D'accord sur le niveau d'effort d'organisation considérable du gouvernement républicain qui est au moins à mettre à son actif.

Si on veut obtenir une paix favorable et ne pas être rebattus, une menace sur les arrières de la Prusse est cependant obligatoire car l'armée française ne peut pas l'emporter seule et après des premières batailles sanglantes une fois épuisée elle risque la déroute dans la phase de retraite d'autant plus qu'elle est constituée massivement de conscrits (comme dans les batailles classiques le gros des pertes s'y produit, de bons exemples étant l'armée à bourbaki et la seconde armée de la loire). Il y aura plus de pertes de part et d'autre mais une fois le pays épuisé par les pertes rien n'oblige les prussiens à négocier une meilleure paix (pendant la première guerre mondiale les plans de paix sont au contraire devenus de plus en plus durs à mesure de l'augmentation des pertes), sauf à voir le risque de s'ouvrir un second front contre l'Autriche probablement ce qui obligerait les allemands soit à battre la France très vite (difficilement réalisable), soit à évacuer vers une ligne de repli retardatrice dans l'est.

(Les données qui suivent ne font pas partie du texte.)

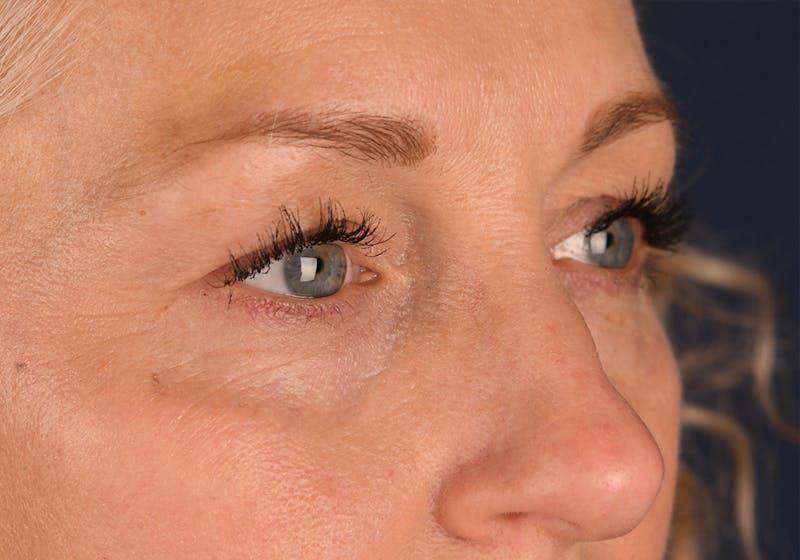 Blepharoplasty Before & After Gallery - Patient 9698246 - Image 5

Seulement je ne vois pas dans le contexte diplomatique de signe d'une volonté d'entrée en guerre d'un nouvel allié, la diplomatie désastreuse de napoleon III (un des pires dirigeants de l'histoire de france) a terriblement isolé la France en se mettant à dos la quasi totalité de l'europe. A commencer par l'allié évident autrichien qu'on a combattu au lieu de le soutenir et qui a un très mauvais souvenir de l'unification italienne et l'absence de soutien en 1866, la guerre de crimée inutile qui a vexé les russes, le soutien à l'Italie qui s'est alliée à la Prusse ensuite. Une demande de l'alsace moselle est considérée comme acceptable pour l'époque, comme Napoleon III aurait pu demander la rhénanie en cas de victoire.

Le contexte de 1792-1793 n'est pas le même car d'une part l'armée française a su préserver le territoire national et ne pas perdre la grande majorité de son active (je passe sur les volontaires affectés à l'intérieur et nuls comme tu le dis), d'autre part l'Autriche doit gérer le partage de la pologne occupée par des armées prussiennes et surtout russes importantes avec un risque sensible de voir s'ouvrir un second front (donc ne peut pas se permettre de laisser trop de plumes sous peine d'être complètement exclue de ce coté). Pour les prussiens en 1871 un second front a peu de chances de voir le jour du fait de l'excellent travail diplomatique de Bismarck (et de la nullité de napoleon III), ou il faudrait donner des sources qui l'indiquent car je n'en connais pas.

L'imagerie associée à l'esprit de 1793 a été nuisible au long terme car elle a fait croire qu'une armée peut s'improviser au dernier moment et fait négliger une préparation sérieuse de la guerre alors que la survie en 1792-1793 est un gros coup de chance.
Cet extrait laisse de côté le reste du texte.